● Information shown:
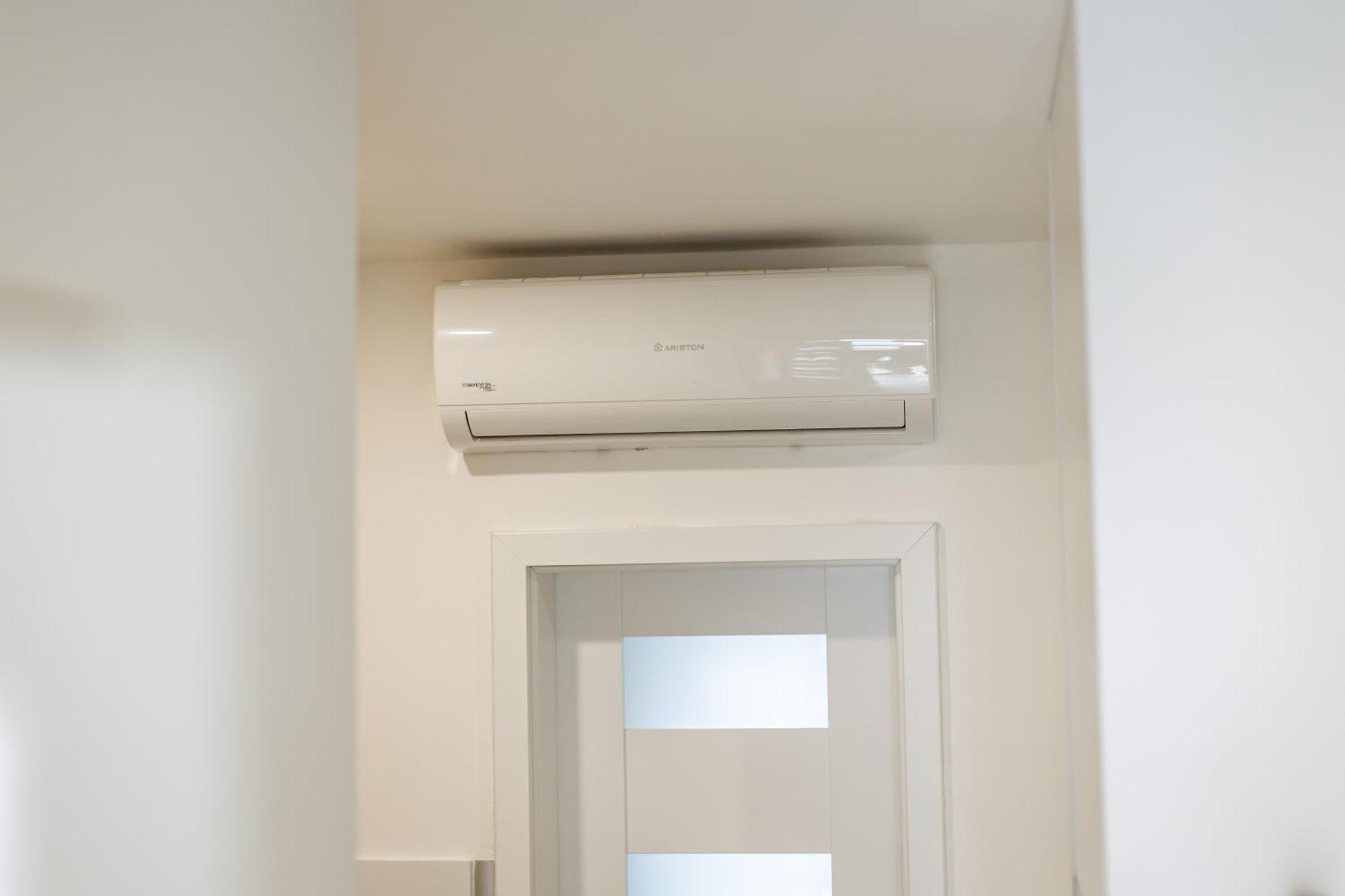 Cozy Studio Apartment In Osijek - Self Check In Esterno foto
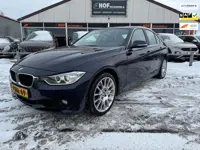 BMW 3-serie 320i Executive AUTOMAAT/NAVIGATIE/18''LMV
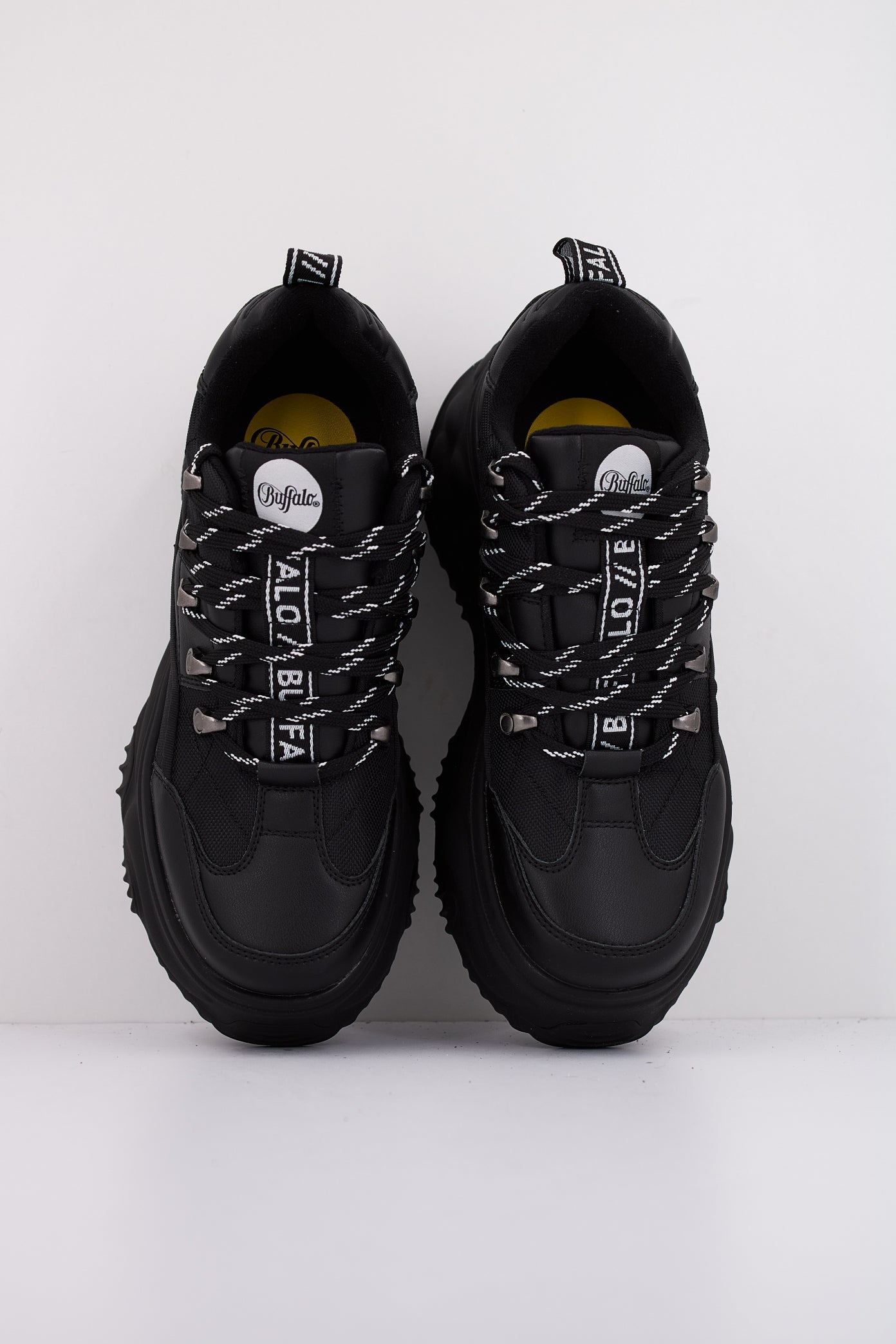 BUFFALO BLADER HIKE LO en color BLACK  (3)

● Instructions for the task: Please copy the data above character for character, skipping any pictures.

● Result of the task:
 Cozy Studio Apartment In Osijek - Self Check In Esterno foto
 BMW 3-serie 320i Executive AUTOMAAT/NAVIGATIE/18''LMV
 BUFFALO BLADER HIKE LO en color BLACK  (3)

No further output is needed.